Комната Греховодова — комната маленьких ценных вещей. Греховодов скупал их по случаю — на базарах и в магазинах. Китайские и японские вазы, вазочки и божки, самурайские ножи, бронзовые драконы, картины, полочки и коробочки, коробочки всех видов: из слоновой кости с изображением тигровой головы, бронзовые с драконами, сложно и сладострастно переплетающими члены, коробочки черного японского лака с тающими парусами и летящей выше облаков Фудзиямой.
Вещи были организованы в стройную систему, все имело свое место и над всем властвовал, всем повелевал Илья Данилович Греховодов.
В свою комнату Илья Данилович пускал только тех, кому доверял, кого хотел поразить богатством и своеобразием своей натуры. На окнах висели японские камышевые панно. В любой момент с веселым сухим шорохом они скатывались к подоконнику и окончательно отгораживали внешний мир.
Мальчиком Илья Данилович был самым обыкновенным. В гимназии учился посредственно, ко всем предметам сохраняя непобедимое равнодушие. Как все мальчики, не водился с девочками и ничем, что их касалось, не интересовался.
Так продолжалось до пятнадцати лет. В пятнадцать лет Илья Данилович с жадным любопытством смотрел на статуэтки, изображающие голых женщин. Иллюстрации в книгах, вводящие его в этот вновь открытый им мир, были предметом его постоянных поисков.
В кабинете его отца, доверенного фирмы «И. Я. Чурин и К°», весьма скромно украшенном, в углу на этажерке стояла статуэтка Психеи.
Однажды Илье Даниловичу пришло в голову взглянуть на нее из противоположного угла... в бинокль. У него захватило дух, он увидел перед собой настоящую нагую девушку.
В шестнадцать лет Илья Данилович почувствовал, что ему нужны встречи, объятия и поцелуи. Но у него уже в те годы желтело и опухало лицо, глаза косили, а над лбом поднимался уродливый вихор. Юноша жестоко страдал от безобразия, часами простаивал перед зеркалом и, не доверяя стеклу, постоянно в различных позах запечатлевал себя на фотографиях.
Но и пленка не оставляла сомнения в том, что ни одна женщина не обовьет со страстью руками его шею.
«Еще при рождении я был обворован природой, — думал Илья Данилович. — От меня отняли самую сокровенную сладость жизни».
Другой на месте Ильи Даниловича впал бы в пессимизм или тайный разврат.

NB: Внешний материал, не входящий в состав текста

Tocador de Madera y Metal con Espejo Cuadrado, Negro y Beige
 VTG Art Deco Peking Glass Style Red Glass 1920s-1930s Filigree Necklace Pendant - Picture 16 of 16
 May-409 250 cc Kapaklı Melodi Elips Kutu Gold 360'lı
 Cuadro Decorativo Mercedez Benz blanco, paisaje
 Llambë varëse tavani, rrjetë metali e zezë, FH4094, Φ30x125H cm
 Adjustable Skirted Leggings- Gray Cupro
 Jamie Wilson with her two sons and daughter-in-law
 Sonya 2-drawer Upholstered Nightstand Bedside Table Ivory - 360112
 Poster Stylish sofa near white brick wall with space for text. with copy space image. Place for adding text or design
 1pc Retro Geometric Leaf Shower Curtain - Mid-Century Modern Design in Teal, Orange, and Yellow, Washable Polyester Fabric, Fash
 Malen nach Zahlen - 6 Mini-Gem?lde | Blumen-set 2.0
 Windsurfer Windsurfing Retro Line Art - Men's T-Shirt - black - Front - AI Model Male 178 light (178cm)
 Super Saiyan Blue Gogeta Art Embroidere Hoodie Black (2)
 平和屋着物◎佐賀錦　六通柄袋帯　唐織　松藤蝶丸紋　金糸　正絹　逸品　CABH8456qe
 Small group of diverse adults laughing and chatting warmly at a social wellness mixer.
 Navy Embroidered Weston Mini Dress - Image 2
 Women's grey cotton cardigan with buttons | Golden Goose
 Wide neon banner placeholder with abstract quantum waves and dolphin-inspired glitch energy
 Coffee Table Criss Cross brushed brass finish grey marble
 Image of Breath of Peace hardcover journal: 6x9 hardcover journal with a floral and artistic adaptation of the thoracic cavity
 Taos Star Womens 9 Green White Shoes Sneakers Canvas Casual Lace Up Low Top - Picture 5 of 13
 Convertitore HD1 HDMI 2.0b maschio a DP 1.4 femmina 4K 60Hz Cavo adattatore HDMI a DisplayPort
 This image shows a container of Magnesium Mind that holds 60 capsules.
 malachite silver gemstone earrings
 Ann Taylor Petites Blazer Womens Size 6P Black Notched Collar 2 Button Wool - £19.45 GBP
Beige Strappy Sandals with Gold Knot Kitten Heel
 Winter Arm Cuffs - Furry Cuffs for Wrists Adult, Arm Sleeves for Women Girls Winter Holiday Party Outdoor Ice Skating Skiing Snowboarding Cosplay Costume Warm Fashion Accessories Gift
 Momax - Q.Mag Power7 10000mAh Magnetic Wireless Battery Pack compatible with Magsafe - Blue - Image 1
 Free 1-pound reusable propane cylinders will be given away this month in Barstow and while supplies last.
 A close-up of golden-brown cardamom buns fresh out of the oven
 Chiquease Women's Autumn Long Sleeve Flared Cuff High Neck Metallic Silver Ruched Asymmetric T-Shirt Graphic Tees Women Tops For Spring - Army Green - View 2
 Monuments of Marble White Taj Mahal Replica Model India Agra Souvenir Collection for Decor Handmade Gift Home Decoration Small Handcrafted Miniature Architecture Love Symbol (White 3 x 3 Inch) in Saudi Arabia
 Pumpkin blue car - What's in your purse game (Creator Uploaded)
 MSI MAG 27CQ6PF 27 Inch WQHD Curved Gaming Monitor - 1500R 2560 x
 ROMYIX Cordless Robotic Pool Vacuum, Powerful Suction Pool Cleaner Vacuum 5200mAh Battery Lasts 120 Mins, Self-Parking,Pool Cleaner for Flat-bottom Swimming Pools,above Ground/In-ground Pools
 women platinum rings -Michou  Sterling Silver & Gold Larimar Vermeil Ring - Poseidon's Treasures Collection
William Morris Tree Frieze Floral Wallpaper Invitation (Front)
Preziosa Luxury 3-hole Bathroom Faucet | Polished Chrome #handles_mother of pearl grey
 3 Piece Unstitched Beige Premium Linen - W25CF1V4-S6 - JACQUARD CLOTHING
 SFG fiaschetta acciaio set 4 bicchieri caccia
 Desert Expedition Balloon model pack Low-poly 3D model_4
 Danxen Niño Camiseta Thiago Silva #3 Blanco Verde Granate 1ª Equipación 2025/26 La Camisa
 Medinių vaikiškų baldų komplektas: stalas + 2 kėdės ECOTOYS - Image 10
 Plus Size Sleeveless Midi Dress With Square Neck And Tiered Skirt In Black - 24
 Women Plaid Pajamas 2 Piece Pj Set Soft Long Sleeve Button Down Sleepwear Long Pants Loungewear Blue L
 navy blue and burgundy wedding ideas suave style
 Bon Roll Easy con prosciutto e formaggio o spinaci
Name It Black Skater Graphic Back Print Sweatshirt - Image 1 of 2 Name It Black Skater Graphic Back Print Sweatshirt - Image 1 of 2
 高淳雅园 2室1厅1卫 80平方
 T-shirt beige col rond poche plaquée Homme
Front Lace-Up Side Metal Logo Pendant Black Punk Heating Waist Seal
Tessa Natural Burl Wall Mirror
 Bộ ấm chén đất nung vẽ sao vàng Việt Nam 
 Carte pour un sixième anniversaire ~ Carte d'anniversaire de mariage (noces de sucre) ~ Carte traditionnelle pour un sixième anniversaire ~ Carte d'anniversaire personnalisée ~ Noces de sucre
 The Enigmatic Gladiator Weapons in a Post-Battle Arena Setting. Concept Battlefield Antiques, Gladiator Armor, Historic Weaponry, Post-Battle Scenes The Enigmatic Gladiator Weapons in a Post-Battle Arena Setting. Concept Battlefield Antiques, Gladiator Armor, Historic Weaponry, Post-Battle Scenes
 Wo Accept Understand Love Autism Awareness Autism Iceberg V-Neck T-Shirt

Но Илья Данилович не покорился. Он принялся изучать биографии замечательных людей. Он пересмотрел портреты писателей, ученых, изобретателей и создал теорию о том, что природа не допускает расточительности: каждого облекает она только частицей настоящей красоты. Кому приносит красоту лица, кого наделяет могучим мозгом и своеобразием духа.